Cancellando, in particolare, quell’utopia di rivoluzione permanente con cui Mao aveva combattuto per 40 anni la formazione di una classe dirigente, mandando in galera o nei campi di rieducazione i funzionari “borghesi”, e inventando un continuo “ricambio sociale” che aveva azzerato ogni possibilità di crescita dei cittadini; ma che in compenso garantiva, a lui e a quelle porzioni di Partito a lui più fedeli, la continuità e il controllo assoluto del potere.

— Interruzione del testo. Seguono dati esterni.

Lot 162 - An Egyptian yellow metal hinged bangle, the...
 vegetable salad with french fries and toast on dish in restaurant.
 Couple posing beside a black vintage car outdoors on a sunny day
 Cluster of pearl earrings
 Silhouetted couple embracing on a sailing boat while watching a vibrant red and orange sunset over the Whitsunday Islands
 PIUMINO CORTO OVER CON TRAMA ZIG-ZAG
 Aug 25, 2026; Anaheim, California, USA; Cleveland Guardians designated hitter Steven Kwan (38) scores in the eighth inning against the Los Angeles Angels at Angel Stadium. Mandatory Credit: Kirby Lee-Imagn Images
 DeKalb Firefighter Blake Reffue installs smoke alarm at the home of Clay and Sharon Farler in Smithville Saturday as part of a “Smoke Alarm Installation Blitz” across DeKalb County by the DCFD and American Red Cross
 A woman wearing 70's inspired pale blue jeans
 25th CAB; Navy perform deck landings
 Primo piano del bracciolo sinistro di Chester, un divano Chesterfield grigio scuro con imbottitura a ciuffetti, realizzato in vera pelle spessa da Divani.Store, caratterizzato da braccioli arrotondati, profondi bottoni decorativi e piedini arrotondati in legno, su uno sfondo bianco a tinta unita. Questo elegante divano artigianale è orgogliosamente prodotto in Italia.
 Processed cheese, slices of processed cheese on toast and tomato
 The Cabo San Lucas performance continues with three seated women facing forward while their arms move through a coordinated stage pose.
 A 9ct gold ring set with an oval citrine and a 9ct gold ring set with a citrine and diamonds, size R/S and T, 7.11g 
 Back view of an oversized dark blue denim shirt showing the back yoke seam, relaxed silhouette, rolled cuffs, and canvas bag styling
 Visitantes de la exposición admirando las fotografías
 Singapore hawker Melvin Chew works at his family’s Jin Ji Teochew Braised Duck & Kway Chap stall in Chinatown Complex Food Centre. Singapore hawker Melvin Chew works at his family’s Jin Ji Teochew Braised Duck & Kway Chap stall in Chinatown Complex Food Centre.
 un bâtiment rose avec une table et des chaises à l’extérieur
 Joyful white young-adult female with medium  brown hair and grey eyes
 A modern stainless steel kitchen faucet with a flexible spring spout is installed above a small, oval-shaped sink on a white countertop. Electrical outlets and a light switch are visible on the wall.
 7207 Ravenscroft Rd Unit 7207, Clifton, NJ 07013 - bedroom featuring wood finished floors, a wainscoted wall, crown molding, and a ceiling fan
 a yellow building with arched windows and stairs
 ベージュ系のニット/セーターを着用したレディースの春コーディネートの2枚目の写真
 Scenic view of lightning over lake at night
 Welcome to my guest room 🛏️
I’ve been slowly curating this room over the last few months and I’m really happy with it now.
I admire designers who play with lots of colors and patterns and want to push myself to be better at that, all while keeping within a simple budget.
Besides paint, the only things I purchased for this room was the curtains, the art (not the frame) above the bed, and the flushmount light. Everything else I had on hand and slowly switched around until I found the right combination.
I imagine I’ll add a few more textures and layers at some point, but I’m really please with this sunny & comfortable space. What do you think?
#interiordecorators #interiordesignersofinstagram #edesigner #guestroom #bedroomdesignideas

Per compiere questo profondo ricambio Deng non ha avuto alcun bisogno di passare a sistemi “occidentali” di rappresentanza (democrazia parlamentare, diritti civili ecc.), in un Paese dove non esistevano né la borghesia né il ceto medio; e anzi quanto andava accadendo in Unione Sovietica con Gorbaciov lo convinse della necessità di mantenere intatta l’egemonia in politica interna e internazionale del Partito comunista. L’innovazione si concentrò così sull’economia e il miglioramento delle condizioni di vita, con tutti i vantaggi e le complicazioni che ne sono seguiti – per esempio oggi in Cina la corruzione dei funzionari pubblici rappresenta il problema dei problemi…
A 40 anni dalla morte l’icona di Mao è sempre più sbiadita: sulla piazza Tian An Men, santuario della nazione, Mao è sempre al suo posto, gli sposini continuano ad andare in pellegrinaggio al suo mausoleo. Ma sul selciato è ricomparsa la statua di Confucio, il vero dio della continuità cinese, che incarna una sapienza (e un senso dello Stato) ben più antica e stabile del turbine delle Guardie Rosse. I libretti dei “Pensieri di Mao” continuano a essere esposti con riverenza come oggetti di culto, ma già ad Hong Kong non li vuole più nessuno, neanche sulle bancarelle dei mercatini. E il faccione del presidente viene sempre stampato sulle banconote del “denaro del popolo” (renminbi), ma la politica economica che quella moneta rappresenta è esattamente il contrario della sua: parla di integrazione nel sistema economico e finanziario mondiale, di rivalutazione in rapporto al dollaro, di sviluppo delle Borse di Hong Kong – Shenzen e Shanghai. E il mitico popolo, che non è mai sceso in piazza contro il Partito, non ha esitato a erigere barricate quando in un giorno solo i titoli azionari trattati a Shanghai persero un quarto del loro valore, bruciando i risparmi accumulati dal popolo “comunista” cinese.